Don't Want Your Brain To Shrink? Then Don't Be Apathetic
By Courtney Flannery 12 months ago
The human brain is a strange thing. As we grow up, we start learning more and more and building our brain cells up to be as efficient and numerous as possible, but once we hit a certain point, we actually start losing many of those same brain cells. Its a constant cycle, and apparently, it may explain why some seniors start getting apathetic: their brain's total volume is shrinking.
According to Headline & Global News, elderly people who are more apathetic tend to have smaller brains than their peers who aren't. The National Institute on Aging at the National Institutes of Health in Bethesda, MA issued the study. The researchers looked specifically at individuals who had apathy but did not also suffer from depression. It is very common for apathy and depression to be linked but not always.
Apathy can best be described as a general disinterest in activities, lack of energy and often being less socially active than normal. It's kind of like having things to do but having absolutely no desire to do any of them. The scientists ran MRIs on 4,354 people, with the average age of the study group being 76. The participants were also given a questionnaire to discuss their emotions, recent habits and social activity. The results found that those who were more apathetic had 1.4% less gray matter volume and 1.6 less white matter than those who had fewer than two symptoms of apathy. Gray matter is the part of your brain that learns things and lets you recall things you remember, while the white matter allows cells to communicate.

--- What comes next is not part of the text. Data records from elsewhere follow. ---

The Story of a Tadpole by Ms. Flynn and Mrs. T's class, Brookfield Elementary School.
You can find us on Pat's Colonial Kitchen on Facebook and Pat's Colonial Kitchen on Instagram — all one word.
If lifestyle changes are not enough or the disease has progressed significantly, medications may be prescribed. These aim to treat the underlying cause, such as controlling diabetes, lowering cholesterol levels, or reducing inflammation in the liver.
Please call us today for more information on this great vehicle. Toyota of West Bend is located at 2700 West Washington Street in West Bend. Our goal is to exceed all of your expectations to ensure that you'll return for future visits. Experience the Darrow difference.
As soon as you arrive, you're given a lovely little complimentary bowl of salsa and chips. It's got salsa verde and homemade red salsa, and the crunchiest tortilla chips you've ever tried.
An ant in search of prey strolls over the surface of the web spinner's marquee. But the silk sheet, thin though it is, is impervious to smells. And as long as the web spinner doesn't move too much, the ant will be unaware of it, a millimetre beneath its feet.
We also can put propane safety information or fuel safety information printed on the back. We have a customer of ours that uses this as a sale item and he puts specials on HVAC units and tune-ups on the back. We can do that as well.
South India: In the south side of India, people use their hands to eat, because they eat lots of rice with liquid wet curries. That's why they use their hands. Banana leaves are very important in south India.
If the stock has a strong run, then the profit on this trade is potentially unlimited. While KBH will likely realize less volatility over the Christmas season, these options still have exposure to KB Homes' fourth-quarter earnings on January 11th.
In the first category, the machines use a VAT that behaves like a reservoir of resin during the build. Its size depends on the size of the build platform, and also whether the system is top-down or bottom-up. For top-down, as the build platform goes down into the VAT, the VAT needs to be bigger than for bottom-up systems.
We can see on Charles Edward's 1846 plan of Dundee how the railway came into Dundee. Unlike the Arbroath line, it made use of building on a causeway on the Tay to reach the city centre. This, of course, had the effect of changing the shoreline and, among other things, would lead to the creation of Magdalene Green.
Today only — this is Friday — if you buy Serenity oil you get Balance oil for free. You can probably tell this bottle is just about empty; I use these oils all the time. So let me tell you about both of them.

One thing that many doctors recommend for older folks and anyone looking to keep their mind sharp is to play games, do puzzles and constantly learn. My mom, who is in her late 50s, swears that her Tetris addiction is really her just working her brain. I suspect that is only half true. New games are being developed all the time with the aim of helping build better brain function. Even young toddlers are benefiting from brain boosting technology. At the very least, playing games can help you feel better and help you cope with difficult life situations. As a gamer, I hope that the benefits of playing starts to be noticed more and used to help people from all walks of life.
As more data comes from this study is used in practice, perhaps more screening can be done at younger ages to help prevent brain loss in seniors or at least help slow the loss of brain matter. It may also give families the opportunity to help their loved ones by keeping them engaged socially. With science and medicine constantly advancing, hopefully this is a problem that the elderly won't have to face in the future.